_WHAT THE TASK ASKS_
Set down exactly the lines below between the line holding "34 Fashionable Casual" and the line holding "Preview of free", inclusive; no other line belongs in the answer.

_INPUT DATA_
============

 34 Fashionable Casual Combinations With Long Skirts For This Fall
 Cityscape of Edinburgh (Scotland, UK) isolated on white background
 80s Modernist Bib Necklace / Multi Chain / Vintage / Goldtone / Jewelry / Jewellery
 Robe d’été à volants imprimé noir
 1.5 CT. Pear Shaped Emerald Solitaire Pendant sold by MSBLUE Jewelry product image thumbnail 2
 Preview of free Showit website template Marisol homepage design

============

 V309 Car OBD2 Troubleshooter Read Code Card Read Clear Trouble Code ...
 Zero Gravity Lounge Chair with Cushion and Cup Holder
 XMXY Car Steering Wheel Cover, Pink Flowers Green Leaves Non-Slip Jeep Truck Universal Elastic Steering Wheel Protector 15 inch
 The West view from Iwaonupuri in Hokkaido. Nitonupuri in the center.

============

_TASK OUTPUT_
 34 Fashionable Casual Combinations With Long Skirts For This Fall
 Cityscape of Edinburgh (Scotland, UK) isolated on white background
 80s Modernist Bib Necklace / Multi Chain / Vintage / Goldtone / Jewelry / Jewellery
 Robe d’été à volants imprimé noir
 1.5 CT. Pear Shaped Emerald Solitaire Pendant sold by MSBLUE Jewelry product image thumbnail 2
 Preview of free Showit website template Marisol homepage design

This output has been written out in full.